Wir haben das Netz vermessen, um die Werte für den Rauschboden – also die Störungen, die Maschinen und andere Verbraucher im Netz verursachen – die Impedanz und die Dämpfung der Leitungen zu ermitteln. Wir erstellen so Netzmodelle, um in der Lage zu sein, Aussagen über das Übertragungsverhalten treffen zu können. Das ist sehr wichtig für die Netzplanung.

Devolo setzt auf die schmalbandige PLC-Übertragung für das Smart Metering. Warum nicht breitbandig?

Wir erreichen damit große Reichweiten ohne alle 200 bis 300 m einen Repeater installieren zu müssen, wie es bei breitbandiger Übertragung erforderlich wäre.

Unsere Schmalband-Powerlinesysteme sind in Bezug auf den tatsächlich erforderlichen Bandbreitenbedarf dahingehend optimiert, möglichst große Entfernungen effektiv überbrücken zu können.

Welche Datenübertragungsrate ist denn aus Ihrer Sicht erforderlich?

Es gibt bereits einige Erkenntnisse aus vorausgegangenen Feldversuchen. Zunächst einmal eignen sich  die Verfahren, die derzeit für das automatische Auslesen der Zähler angewandt werden, nicht dazu, beispielsweise Demand-Response-Management durchzuführen. Für Smart-Grid-Funktionen ist es erforderlich, dass eine durchgängige IP-Struktur vorhanden ist. Was die Datenrate angeht, so hat sich herausgestellt, dass 7 KBit/s, wie sie mit Schmalband Powerlinesystemen der ersten Generation erreicht wurden, auf jeden Fall zu wenig sind, um weitergehende Services anbieten zu können.  Deshalb setzen wir auf ein OFDM-basiertes Modulationsverfahren, das bis zu 150 KBit/s überträgt.

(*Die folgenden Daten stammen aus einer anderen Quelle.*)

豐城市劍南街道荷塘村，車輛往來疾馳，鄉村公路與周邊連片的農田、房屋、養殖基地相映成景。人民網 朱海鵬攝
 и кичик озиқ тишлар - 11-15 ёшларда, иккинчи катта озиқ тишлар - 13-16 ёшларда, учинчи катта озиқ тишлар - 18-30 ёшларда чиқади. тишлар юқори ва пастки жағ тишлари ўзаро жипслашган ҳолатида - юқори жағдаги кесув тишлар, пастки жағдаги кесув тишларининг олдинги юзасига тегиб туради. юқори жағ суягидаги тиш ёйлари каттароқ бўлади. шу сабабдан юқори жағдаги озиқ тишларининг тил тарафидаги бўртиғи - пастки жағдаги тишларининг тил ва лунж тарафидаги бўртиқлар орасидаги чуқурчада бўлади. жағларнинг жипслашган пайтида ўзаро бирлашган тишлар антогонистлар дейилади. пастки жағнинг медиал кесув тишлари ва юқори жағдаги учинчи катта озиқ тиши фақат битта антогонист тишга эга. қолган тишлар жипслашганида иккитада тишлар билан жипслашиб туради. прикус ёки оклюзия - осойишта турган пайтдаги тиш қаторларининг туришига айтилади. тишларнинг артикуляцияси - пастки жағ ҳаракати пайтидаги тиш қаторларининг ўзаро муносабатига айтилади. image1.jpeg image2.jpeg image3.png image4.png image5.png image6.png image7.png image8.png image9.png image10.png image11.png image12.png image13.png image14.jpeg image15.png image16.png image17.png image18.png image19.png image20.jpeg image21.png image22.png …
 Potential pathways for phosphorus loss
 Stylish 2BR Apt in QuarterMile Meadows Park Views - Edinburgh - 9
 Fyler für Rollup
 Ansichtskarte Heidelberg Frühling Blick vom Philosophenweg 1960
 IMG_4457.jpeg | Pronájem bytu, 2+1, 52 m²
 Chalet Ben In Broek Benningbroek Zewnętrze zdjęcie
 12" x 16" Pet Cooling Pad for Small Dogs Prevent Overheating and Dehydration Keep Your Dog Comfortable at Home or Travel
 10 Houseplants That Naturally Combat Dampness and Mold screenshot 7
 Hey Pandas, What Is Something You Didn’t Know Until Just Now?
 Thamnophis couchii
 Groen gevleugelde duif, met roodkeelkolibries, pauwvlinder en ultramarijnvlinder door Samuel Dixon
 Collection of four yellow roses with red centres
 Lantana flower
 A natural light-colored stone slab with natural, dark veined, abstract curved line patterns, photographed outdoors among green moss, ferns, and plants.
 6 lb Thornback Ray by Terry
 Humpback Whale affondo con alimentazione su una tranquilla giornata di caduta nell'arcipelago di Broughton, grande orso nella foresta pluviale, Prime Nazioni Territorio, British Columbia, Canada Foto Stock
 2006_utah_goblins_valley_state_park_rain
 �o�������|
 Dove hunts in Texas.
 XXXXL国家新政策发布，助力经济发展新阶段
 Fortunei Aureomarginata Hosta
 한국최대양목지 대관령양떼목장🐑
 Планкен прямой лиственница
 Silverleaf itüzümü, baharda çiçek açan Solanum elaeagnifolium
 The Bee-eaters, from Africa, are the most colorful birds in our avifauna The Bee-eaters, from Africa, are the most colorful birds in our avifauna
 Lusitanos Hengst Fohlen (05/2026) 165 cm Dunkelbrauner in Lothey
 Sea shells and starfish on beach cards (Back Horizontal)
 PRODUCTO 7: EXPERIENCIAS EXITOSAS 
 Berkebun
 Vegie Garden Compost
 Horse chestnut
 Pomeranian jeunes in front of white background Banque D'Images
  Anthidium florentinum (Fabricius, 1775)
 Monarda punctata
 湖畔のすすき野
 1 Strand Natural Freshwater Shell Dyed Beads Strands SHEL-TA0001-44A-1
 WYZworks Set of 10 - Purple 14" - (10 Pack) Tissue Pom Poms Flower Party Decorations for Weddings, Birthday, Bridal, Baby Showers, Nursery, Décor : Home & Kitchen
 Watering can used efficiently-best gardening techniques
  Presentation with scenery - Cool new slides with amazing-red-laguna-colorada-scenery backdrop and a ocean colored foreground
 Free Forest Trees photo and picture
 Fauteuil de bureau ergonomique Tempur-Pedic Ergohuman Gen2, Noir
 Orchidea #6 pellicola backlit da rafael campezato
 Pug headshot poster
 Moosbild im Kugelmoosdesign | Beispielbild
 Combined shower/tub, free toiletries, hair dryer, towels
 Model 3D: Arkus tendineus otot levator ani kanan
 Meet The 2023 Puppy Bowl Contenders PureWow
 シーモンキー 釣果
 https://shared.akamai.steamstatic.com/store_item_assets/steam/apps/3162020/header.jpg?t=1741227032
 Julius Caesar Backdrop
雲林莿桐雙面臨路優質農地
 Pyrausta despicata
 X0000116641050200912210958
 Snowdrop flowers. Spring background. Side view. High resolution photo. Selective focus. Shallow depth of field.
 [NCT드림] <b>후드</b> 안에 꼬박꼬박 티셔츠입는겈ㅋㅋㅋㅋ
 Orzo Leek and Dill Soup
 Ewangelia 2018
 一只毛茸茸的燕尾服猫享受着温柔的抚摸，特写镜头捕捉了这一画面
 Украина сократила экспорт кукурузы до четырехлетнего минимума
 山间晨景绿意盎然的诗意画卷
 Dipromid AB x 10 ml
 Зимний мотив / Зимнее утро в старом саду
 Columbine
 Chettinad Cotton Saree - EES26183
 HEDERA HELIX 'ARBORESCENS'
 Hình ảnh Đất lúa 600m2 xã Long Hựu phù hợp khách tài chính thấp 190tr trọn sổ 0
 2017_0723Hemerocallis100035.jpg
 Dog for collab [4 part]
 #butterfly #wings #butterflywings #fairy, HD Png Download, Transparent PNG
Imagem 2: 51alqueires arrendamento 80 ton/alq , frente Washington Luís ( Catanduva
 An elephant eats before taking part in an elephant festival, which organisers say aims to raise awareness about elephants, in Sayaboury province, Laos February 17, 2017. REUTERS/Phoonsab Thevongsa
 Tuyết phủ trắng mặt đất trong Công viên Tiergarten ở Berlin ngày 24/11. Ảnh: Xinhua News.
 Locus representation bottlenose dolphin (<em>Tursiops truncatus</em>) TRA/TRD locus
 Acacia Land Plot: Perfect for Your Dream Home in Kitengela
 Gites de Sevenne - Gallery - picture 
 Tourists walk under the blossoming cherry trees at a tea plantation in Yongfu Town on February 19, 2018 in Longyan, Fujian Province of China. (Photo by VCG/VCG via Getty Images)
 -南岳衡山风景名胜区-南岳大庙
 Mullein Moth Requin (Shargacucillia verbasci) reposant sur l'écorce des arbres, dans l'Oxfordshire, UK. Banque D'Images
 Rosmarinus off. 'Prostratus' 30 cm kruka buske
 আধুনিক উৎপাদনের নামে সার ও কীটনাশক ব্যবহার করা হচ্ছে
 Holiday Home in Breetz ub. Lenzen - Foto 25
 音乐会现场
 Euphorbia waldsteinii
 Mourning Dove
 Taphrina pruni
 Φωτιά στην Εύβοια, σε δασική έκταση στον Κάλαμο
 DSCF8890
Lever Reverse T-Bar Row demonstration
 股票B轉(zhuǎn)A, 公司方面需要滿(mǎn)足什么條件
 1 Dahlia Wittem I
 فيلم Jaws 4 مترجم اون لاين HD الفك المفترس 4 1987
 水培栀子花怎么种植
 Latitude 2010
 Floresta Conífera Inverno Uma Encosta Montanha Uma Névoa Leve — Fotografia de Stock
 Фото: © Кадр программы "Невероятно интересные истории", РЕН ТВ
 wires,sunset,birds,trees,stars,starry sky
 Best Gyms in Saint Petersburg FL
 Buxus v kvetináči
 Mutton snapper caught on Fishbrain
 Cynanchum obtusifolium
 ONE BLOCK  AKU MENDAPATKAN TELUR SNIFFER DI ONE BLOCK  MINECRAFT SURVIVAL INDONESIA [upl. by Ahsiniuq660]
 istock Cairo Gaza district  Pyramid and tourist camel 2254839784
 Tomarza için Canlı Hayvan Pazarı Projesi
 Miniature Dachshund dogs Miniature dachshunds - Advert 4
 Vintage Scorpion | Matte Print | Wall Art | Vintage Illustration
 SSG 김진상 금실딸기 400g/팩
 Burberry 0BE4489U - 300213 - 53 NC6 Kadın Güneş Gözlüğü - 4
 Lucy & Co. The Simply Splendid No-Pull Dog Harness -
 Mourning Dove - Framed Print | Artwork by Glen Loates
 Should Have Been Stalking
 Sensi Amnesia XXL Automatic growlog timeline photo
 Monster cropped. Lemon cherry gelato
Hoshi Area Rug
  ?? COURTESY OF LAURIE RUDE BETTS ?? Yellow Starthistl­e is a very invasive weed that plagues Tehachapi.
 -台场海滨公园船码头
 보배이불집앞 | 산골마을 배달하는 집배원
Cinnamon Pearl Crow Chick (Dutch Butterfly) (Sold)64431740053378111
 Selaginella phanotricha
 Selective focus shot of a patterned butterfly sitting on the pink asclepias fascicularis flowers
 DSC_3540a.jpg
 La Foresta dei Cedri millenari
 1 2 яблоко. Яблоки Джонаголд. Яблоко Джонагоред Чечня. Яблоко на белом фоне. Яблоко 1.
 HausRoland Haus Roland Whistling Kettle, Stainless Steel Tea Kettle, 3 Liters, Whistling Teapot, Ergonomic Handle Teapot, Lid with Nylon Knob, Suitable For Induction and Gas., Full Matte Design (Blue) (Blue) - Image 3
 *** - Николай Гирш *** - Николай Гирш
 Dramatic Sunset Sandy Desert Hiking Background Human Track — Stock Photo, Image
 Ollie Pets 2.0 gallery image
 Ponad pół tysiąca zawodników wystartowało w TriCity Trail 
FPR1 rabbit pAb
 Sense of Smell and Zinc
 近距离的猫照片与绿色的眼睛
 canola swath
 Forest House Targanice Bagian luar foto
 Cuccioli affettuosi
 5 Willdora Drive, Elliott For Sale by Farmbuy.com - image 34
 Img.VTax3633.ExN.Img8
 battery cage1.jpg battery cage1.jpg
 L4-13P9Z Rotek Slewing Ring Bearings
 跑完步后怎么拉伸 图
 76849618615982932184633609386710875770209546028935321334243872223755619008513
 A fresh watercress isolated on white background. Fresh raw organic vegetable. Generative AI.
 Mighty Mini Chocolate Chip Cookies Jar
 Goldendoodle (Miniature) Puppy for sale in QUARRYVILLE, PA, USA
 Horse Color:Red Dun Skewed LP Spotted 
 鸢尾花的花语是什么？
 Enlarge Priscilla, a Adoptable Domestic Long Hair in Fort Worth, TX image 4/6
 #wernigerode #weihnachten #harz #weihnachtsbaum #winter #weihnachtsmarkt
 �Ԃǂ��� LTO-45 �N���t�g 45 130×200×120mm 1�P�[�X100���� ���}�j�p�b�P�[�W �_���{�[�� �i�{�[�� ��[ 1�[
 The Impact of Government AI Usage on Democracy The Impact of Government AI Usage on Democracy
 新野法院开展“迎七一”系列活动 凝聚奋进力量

Dieses System wird also im Rahmen des Bramfelder Feldversuchs getestet?

Ja, richtig. Ein damit verbundenes, wichtiges Ziel für uns ist es zudem, die letzten Hürden für die Nutzung des Frequenzbereichs bis 500 kHz zu nehmen und ein einheitliches Messverfahren zur Bewertung des EMV Verhaltens fest zu schreiben. Dies gibt es in Europa, anders als in allen anderen Ländern,  bisher nur für das sogenannte CENELEC Band im Frequenzbereich bis 150 kHz. Wir realisieren die signifikante Erhöhung der Bandbreite über den erweiterten Frequenzbereich. Außerdem setzen wir uns dafür ein. dass der Frequenzbereich auf 500 kHz ausgedehnt wird.

Als ein wesentliches Hindernis für Smart Home gelten die fehlenden Standards, die Haushaltsgeräte können nicht kommunizieren und die Hersteller wollen keine teuren Schnittstellen einbauen, von denen sie nicht wissen können, ob sie zukunftssicher sind. Schafft der EEBus aus Ihrer Sicht Abhilfe?

Es ist sehr wichtig, dass man sich auf Standards einigt. Der EEBus ist – anders als der Name suggeriert – kein Bus sondern eine Middleware, also ein kompletter Protokoll-Stack. Das bietet ein sehr großes Potenzial. Aber Gateway und Geräte müssen damit ausgestattet werden. Meiner Meinung nach wird es noch zehn Jahre dauern, bis genügend steuerbare Geräte in den Haushalten vorhanden sind, um flächendeckend sinnvolles Energie-Management durchführen zu können. Die Waschmaschinen werden von ihren Besitzern ja auch nicht über Nacht ausgetauscht.